* [What you are asked to do] Could you transcribe all the entries exactly, omitting the pictures?

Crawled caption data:
__________
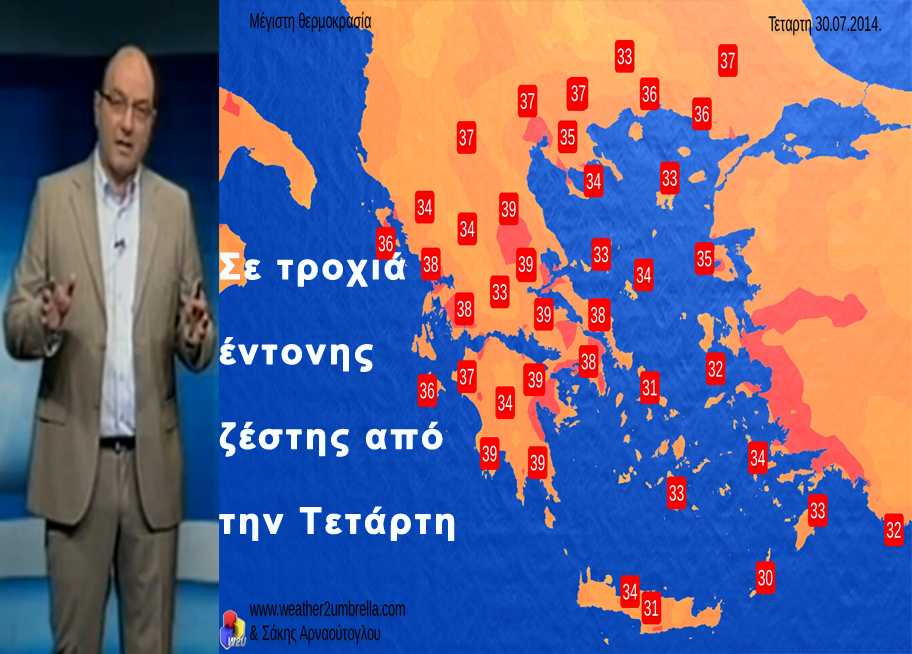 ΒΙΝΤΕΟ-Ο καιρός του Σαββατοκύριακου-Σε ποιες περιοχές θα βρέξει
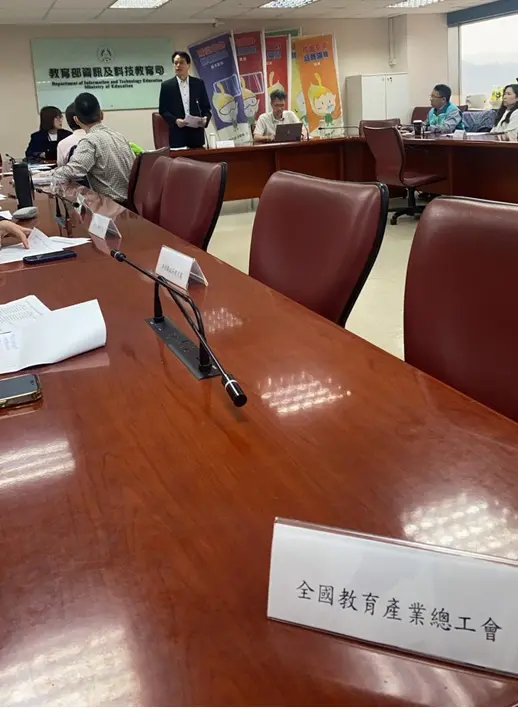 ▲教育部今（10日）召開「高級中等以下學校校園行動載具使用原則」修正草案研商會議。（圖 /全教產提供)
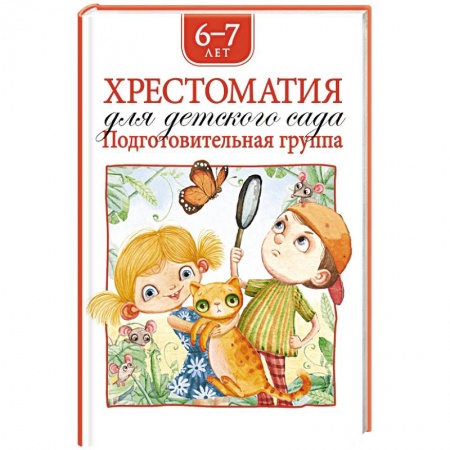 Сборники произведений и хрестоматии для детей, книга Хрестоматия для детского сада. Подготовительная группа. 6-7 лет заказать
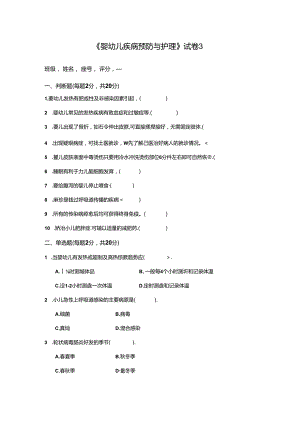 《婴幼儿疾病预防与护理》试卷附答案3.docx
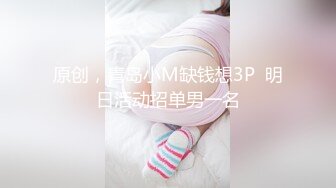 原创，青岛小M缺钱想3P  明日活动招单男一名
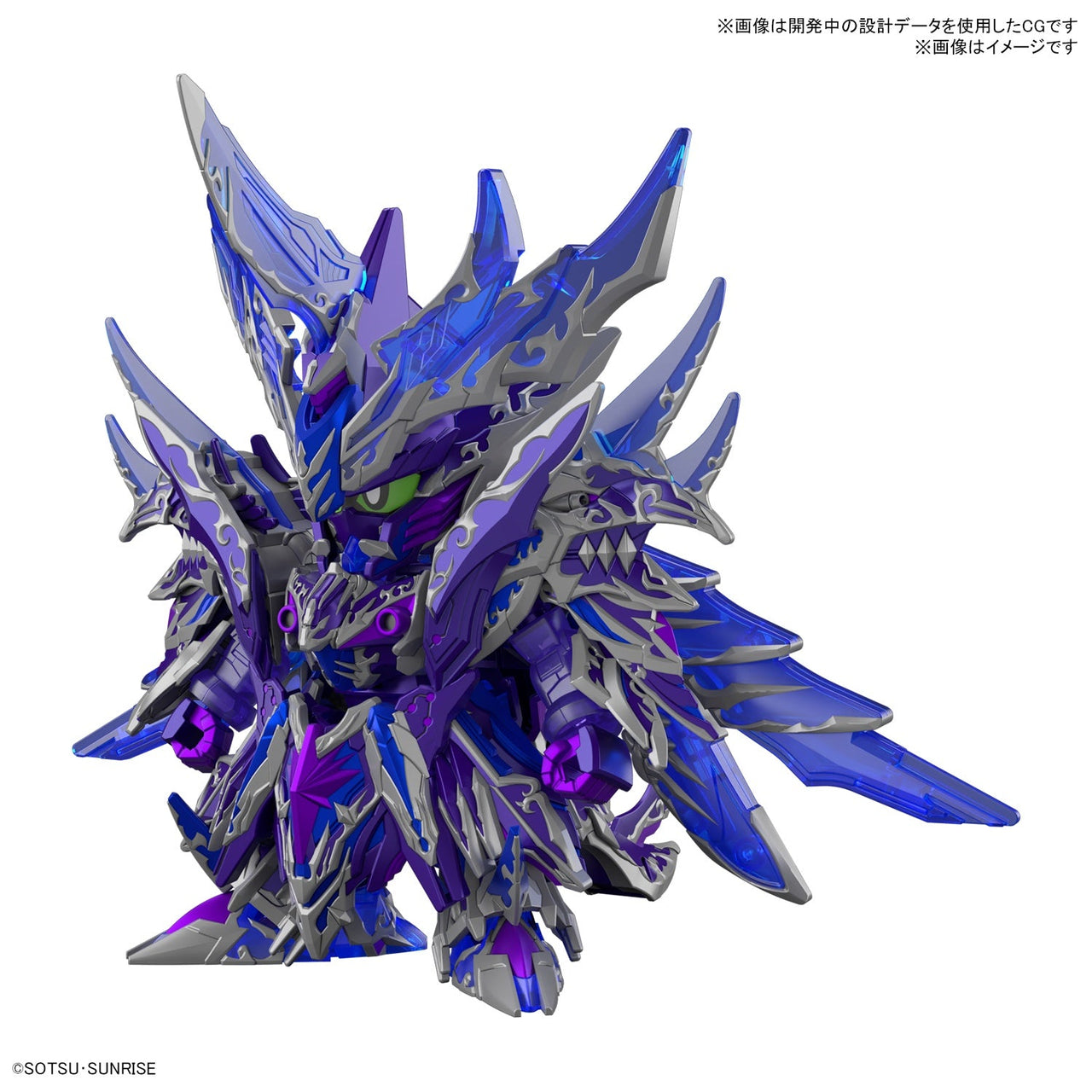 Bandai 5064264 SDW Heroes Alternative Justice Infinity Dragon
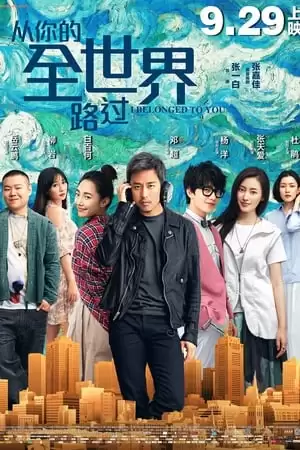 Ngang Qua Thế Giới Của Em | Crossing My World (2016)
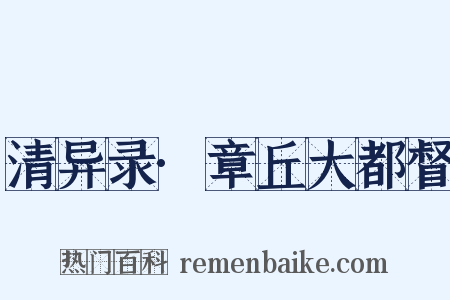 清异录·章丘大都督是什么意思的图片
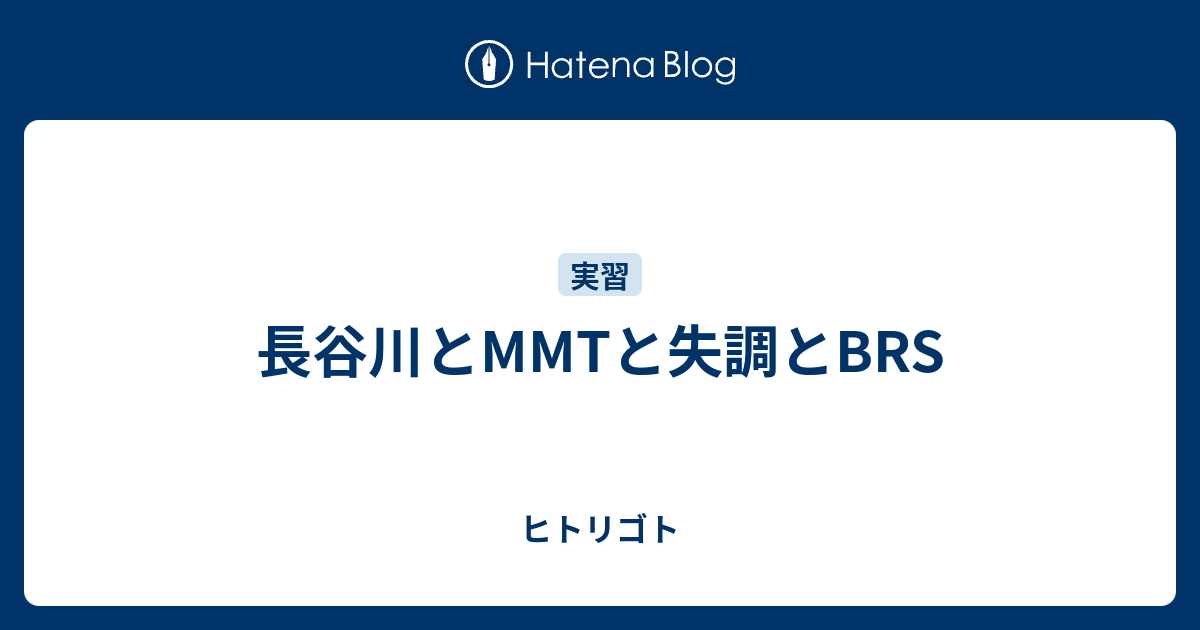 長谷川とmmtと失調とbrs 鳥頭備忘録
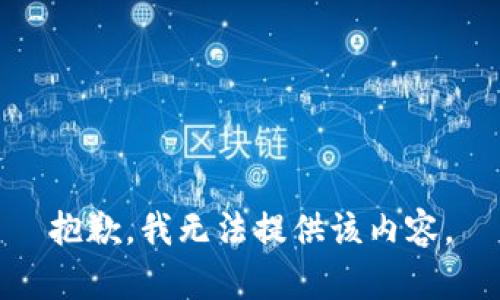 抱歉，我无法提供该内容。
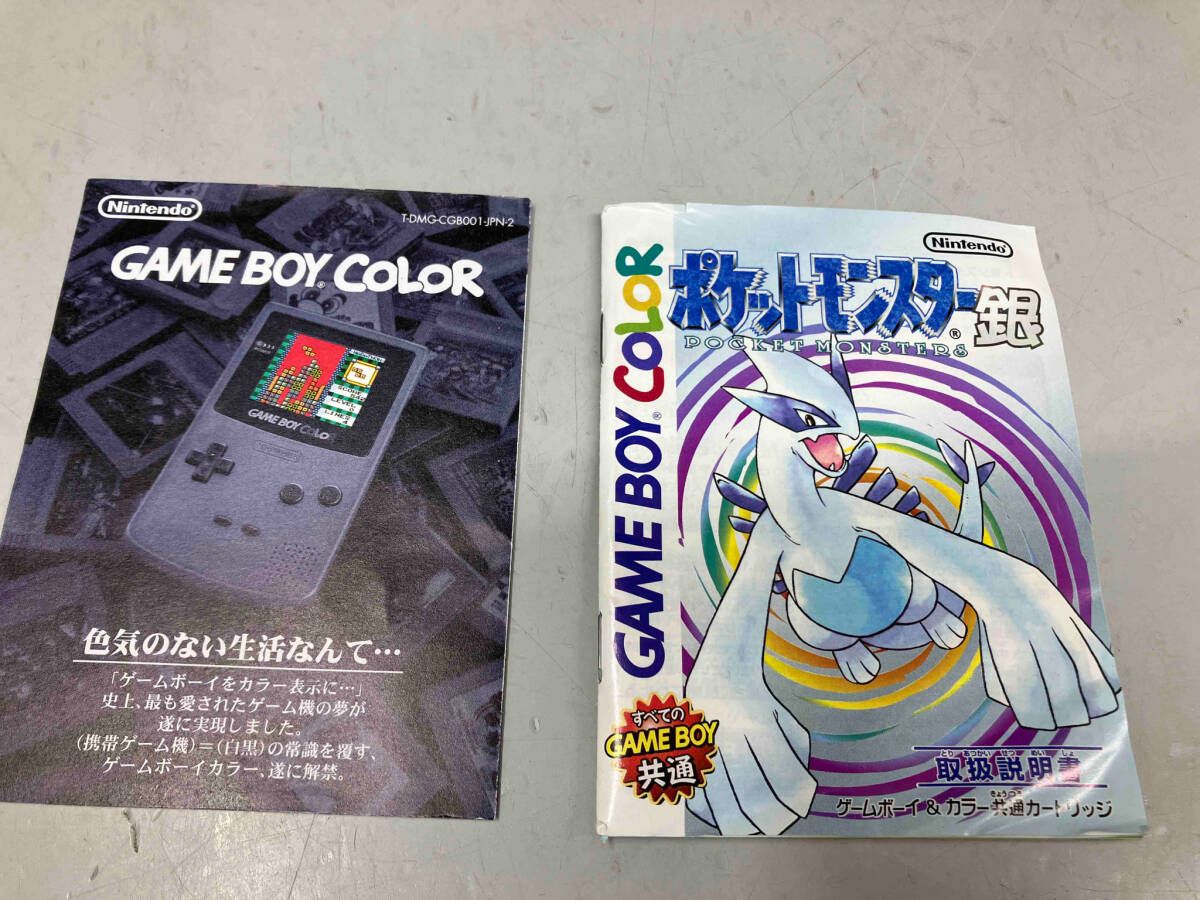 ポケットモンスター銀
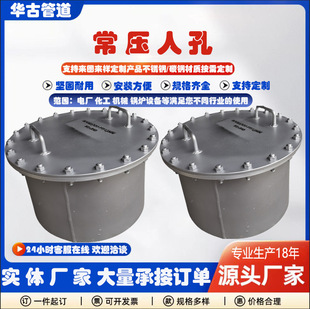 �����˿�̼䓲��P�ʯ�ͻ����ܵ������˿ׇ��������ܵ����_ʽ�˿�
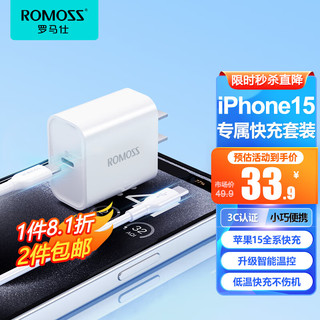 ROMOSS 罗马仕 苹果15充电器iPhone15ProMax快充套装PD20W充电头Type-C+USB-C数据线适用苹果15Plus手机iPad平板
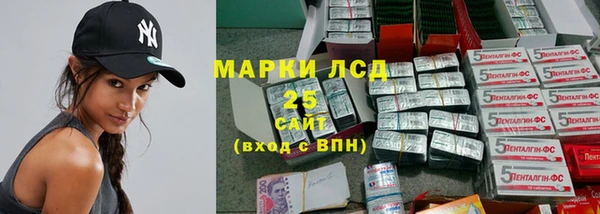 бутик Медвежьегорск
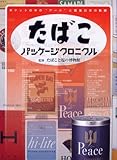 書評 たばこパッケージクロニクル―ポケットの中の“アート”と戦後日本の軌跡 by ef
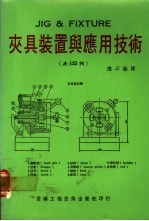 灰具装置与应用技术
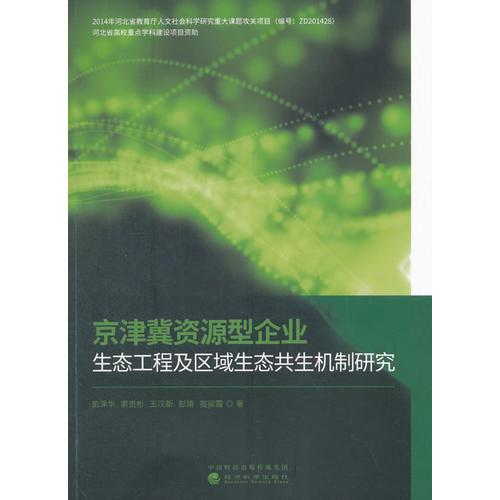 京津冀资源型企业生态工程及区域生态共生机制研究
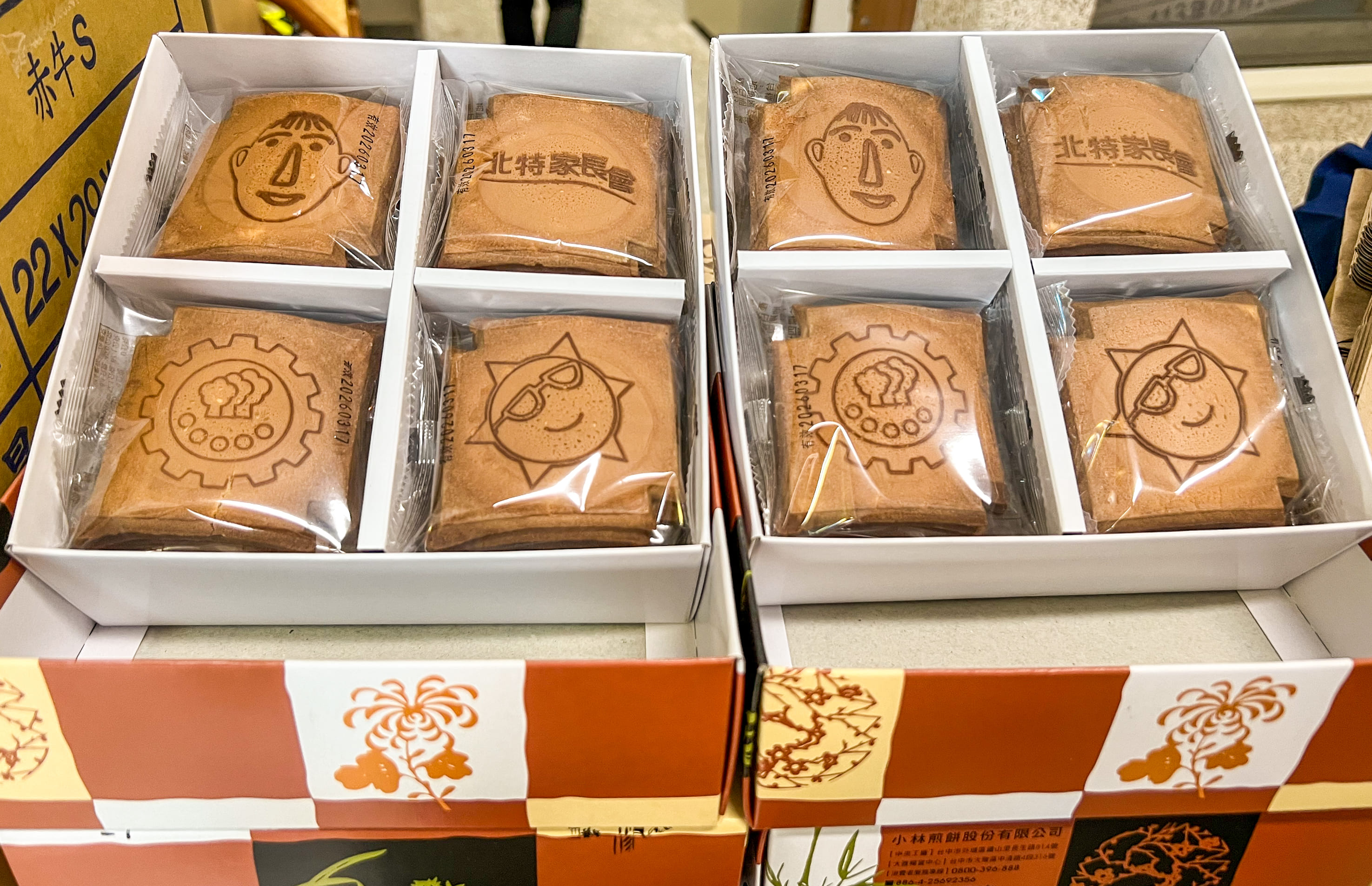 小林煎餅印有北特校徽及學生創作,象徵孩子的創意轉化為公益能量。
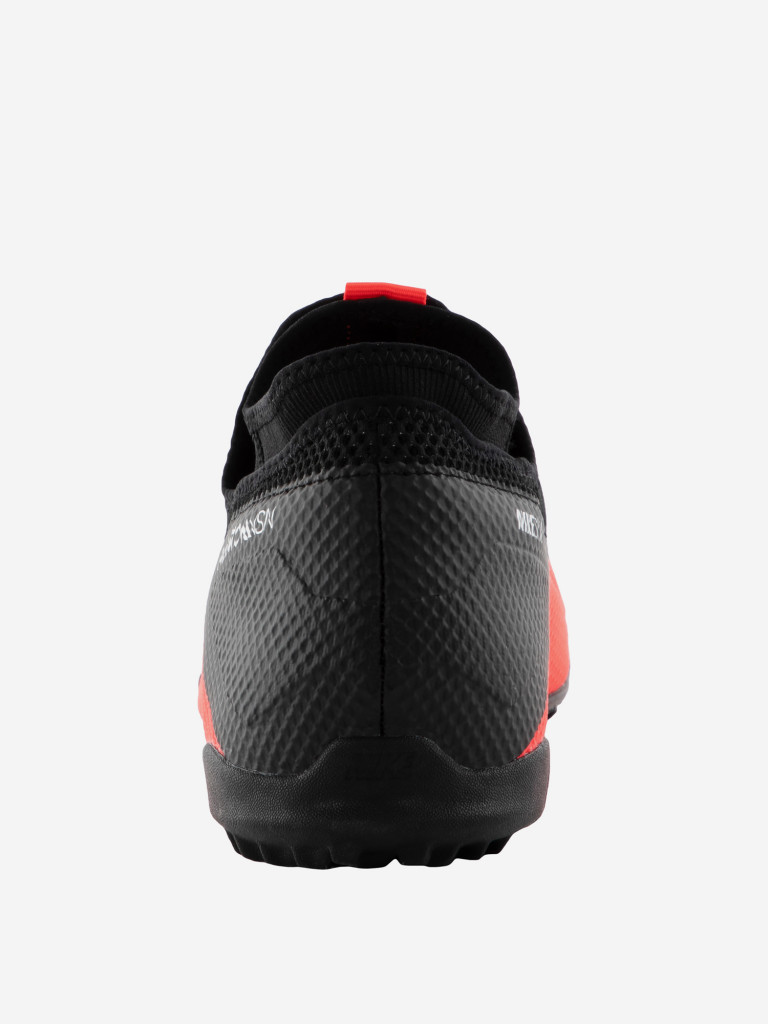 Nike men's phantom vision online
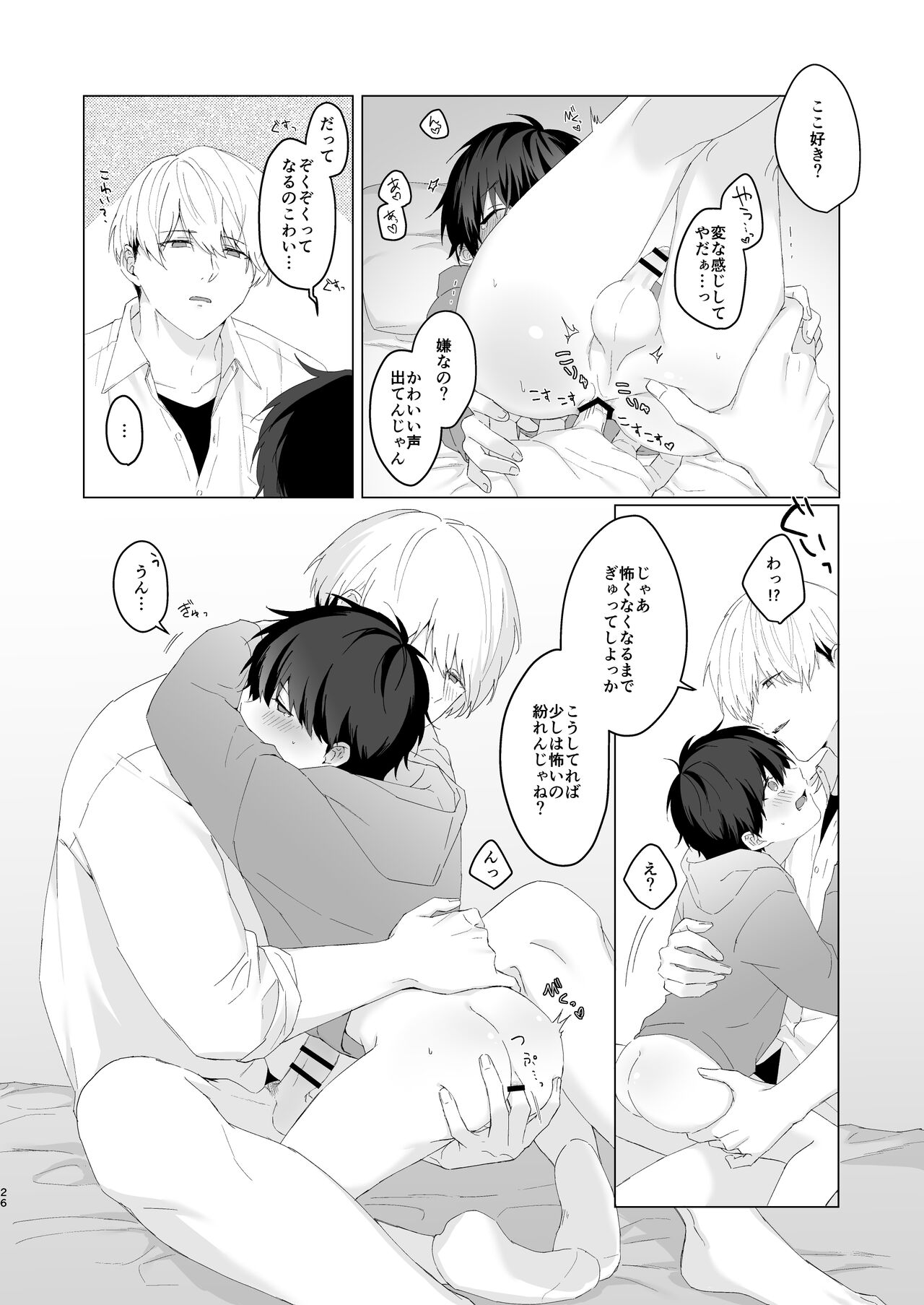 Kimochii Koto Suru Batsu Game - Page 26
__________
* [Answer for this exercise]
 ΒΙΝΤΕΟ-Ο καιρός του Σαββατοκύριακου-Σε ποιες περιοχές θα βρέξει
 ▲教育部今（10日）召開「高級中等以下學校校園行動載具使用原則」修正草案研商會議。（圖 /全教產提供)
 Сборники произведений и хрестоматии для детей, книга Хрестоматия для детского сада. Подготовительная группа. 6-7 лет заказать
 《婴幼儿疾病预防与护理》试卷附答案3.docx
 原创，青岛小M缺钱想3P  明日活动招单男一名
 Bandai 5064264 SDW Heroes Alternative Justice Infinity Dragon
 Ngang Qua Thế Giới Của Em | Crossing My World (2016)
 清异录·章丘大都督是什么意思的图片
 長谷川とmmtと失調とbrs 鳥頭備忘録
 抱歉，我无法提供该内容。
 ポケットモンスター銀
 �����˿�̼䓲��P�ʯ�ͻ����ܵ������˿ׇ��������ܵ����_ʽ�˿�
 ROMOSS 罗马仕 苹果15充电器iPhone15ProMax快充套装PD20W充电头Type-C+USB-C数据线适用苹果15Plus手机iPad平板
 бутик Медвежьегорск
 書評 たばこパッケージクロニクル―ポケットの中の“アート”と戦後日本の軌跡 by ef
 灰具装置与应用技术
 京津冀资源型企业生态工程及区域生态共生机制研究
 小林煎餅印有北特校徽及學生創作,象徵孩子的創意轉化為公益能量。
 Nike men's phantom vision online
 Kimochii Koto Suru Batsu Game - Page 26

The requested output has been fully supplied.